While Hey, Kiddo was challenged for “inappropriate words, inappropriate behaviors, sex, drugs, alcohol, stealing, infidelity, and murder,” according to the American Library Association Office of Intellectual Freedom, it was also praised as a book that could help youngsters cope with the challenges of life. Krosoczka will discuss how this deeply personal book was challenged for his depiction of the difficult events that he lived through as an adolescent.
“There are books for young people that hold difficult truths, and we gatekeepers — writers, parents, teachers, librarians — often find ourselves trying to sort out just what is appropriate for our kids to read about…I didn’t pull any punches because of one simple realization: There are difficult truths in our books because there are difficult truths in children’s lives,” Krosoczka wrote in an article for The Washington Post in 2018.
He also wrote in that piece, “It certainly isn’t up to me to tell parents what their child should and shouldn’t read, but I do know this: There are some very difficult and inconvenient topics our children are going to face in real life. I so hope that our young people can experience and learn about these difficult truths for the first time on the page and not in real life.

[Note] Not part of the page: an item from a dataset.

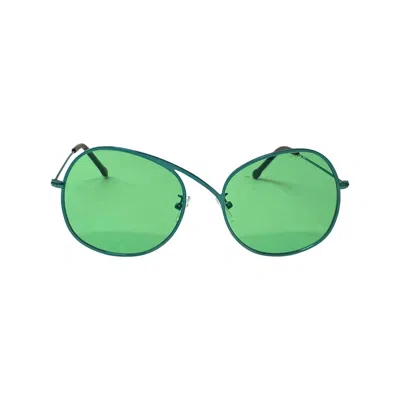 Kazoku Lunettes Escape Uv Gold Platted Sunglasses In 483 In Green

The windows that books provide may give them warning and steer them in a positive direction.”
Krosoczka’s Hey, Kiddo is available to borrow from APL. Borrow a physical copy; an ebook or audiobook on Overdrive/Libby; or an audiobook on Hoopla.
The Sept. 28 book talk is part of Banned Books Week, an annual celebration of the right to read during which libraries, schools, and bookstores highlight the benefits of unrestricted reading and the harms of censorship.